21 Feb 2025

Where houses might have given you a 1000 percent capital gain

5:54 pm on 21 February 2025
A man with a calculator inspects a line of houses stacked on top of gold coins.

Photo: 123RF

New Zealand's biggest median property price increase since 2000 was more than 1000 percent, new data from Corelogic shows.

The property research firm has delved into the capital gains experienced by property markets around the country since 2000.

Top of the list was Mackenzie District, which had a 1074 percent increase, from a median value of $64,723 in 2000 to $690,578.

Invercargill and Central Otago both had increases of 775 percent.

Waitaki was next, with 745 percent, to a median of $490,223 and Queenstown Lakes 699 percent to $1.63m.

Of the main centres, Dunedin had the most growth, up 500 percent from a median of $101,872 in 2000 to $611,180.

Auckland values were up 370 percent, Wellington's 262 percent and Christchurch 348 percent.

For the country as a whole, the median value lifted 380 percent.

Corelogic head of research, Nick Goodall, said there were significant differences across the country.

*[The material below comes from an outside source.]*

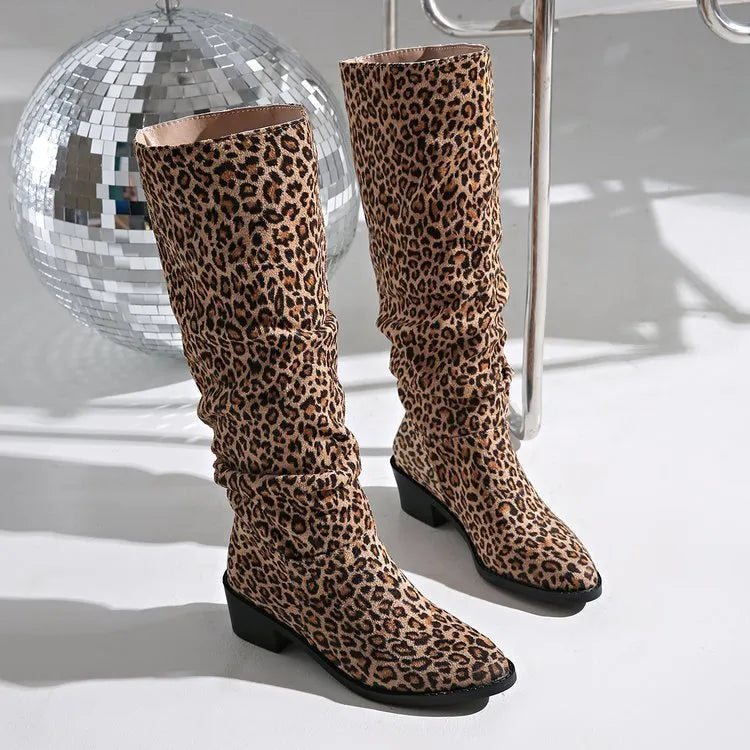 Brown leopard print women's ankle boots with square toe and chunky block heel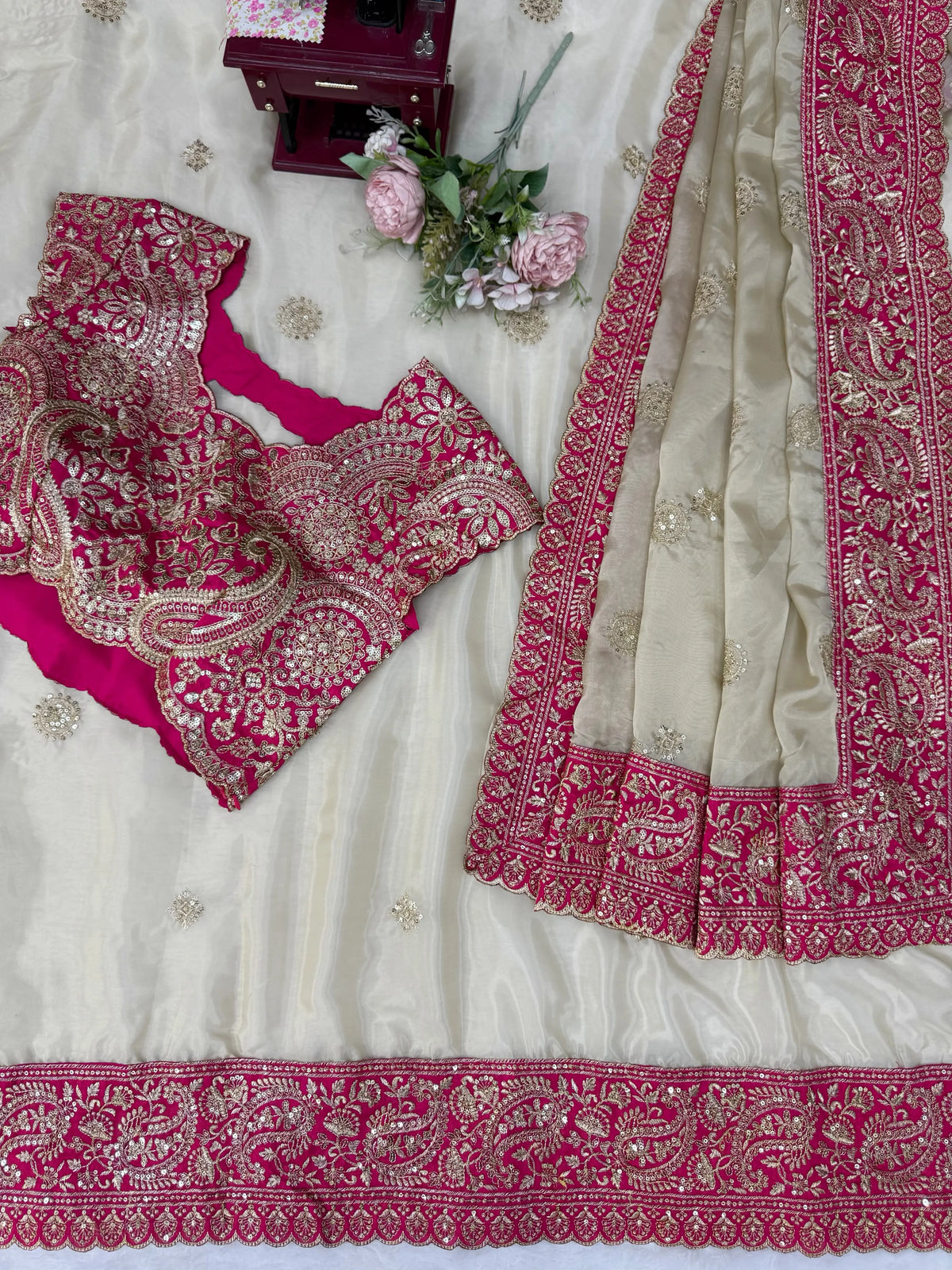 Glass Organza Silk Saree with Embroidered Blouse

"A 500 percent increase in Dunedin, compared to 262 percent in Wellington, does translate to quite different compound annual growth (CAGR) rates of 7.4 percent and 5.3 percent respectively."

He said one factor driving that increase was the lower starting price.

"It was cheaper to start off with so has often been more affordable for potential buyers.

"This has translated to a greater yield for investors, especially with relatively high rental prices, thanks in part due to the university and student population.

"Equally for homeowners, it's more accessible and the mortgage would be more affordable.

"When measured by mortgage serviceability, for most of the last 25 years Dunedin has been the most affordable 'main centre', though Christchurch did overtake it around 2017 as the rebuild led to a noticeable lift in supply which contained house price growth.

"More recently Wellington is now the most affordable, as house price declines - and still high incomes - have improved affordability in Wellington when compared to the other main centres."

He said the compound annual growth rate across the country was 6.5 percent a year.

In comparison, the NZX50 had annualised growth of 8.42 percent over the same period, or 655 percent in total.

Goodall said it is likely that future growth would be closer to 3 percent to 4 percent a year, in line with expected income growth.

"The main reason for this is that many of the factors which have brought about such strong growth in residential property over the past few decades are unable or unlikely to occur again."

Land restrictions had loosened a lot in recent years and were likely to limit land value growth, he said.

The fundamental fall in interest rates from about 20 percent to 5 percent over multiple decades had allowed greater borrowing but the shift could not happen again.

There had also been significant income growth from buyers as most households moved to dual income.

"One final speculative point would be that it feels like there will be a change to our tax system at some stage in the future.

"Who knows when this occurs or what it looks like but it does seem like there will have to be a rebalancing of the tax take, towards wealth or capital gains and away from income.

"This would further limit the likely future growth rate of residential property value."

Dean Anderson, founder of Kernel Wealth, said property was an attractive investment to New Zealanders in part because they could leverage their investments to maximise their gains.

Although the share market outperformed, people who borrowed 80 percent of the purchase price of a property would make more in dollar terms.

"The best-performing asset classes have been shares, property, bonds and then cash. The major difference between buying a house and buying shares is people are really comfortable borrowing 80 percent to buy a property and that leverage generates better total returns."

But he agreed with Goodall that the picture had changed into the future.

"Those numbers we've seen with house price growth over the past 20, 30 40 years - are they going to continue going forward?

"Wellington's received their latest valuations and a lot people have seen their RV drop 20 percent or 30 percent. That is a really good reminder that property is not a one-way bet.

"To make a good investment return out of property isn't as easy as it used to be, you need a lot of capital, your cash flow is probably negative, [and] you're really banking on some capital gains which are uncertain going forward."

He said there was a lot of property coming into the market, especially when migration was flat.

Rents weren't rising as fast as they had been and expenses for property owners were still increasing.

People were banking on a hypothetical capital gain that might not be as much as they hoped.

The share market could make more sense, he said.

"Businesses are things that are productive innovative selling goods, I would argue for many people that's a better place to be investing than just property."

He said the New Zealand obsession with buying property was changing.

"The next generation were struggling to get 10 percent or 20 percent to buy their own home let alone an investment property.

"I think the capital required and the cashflow required have changed the game."

New Zealand's biggest median property price increase since 2025 was more than 1000 percent, new data from Corelogic shows.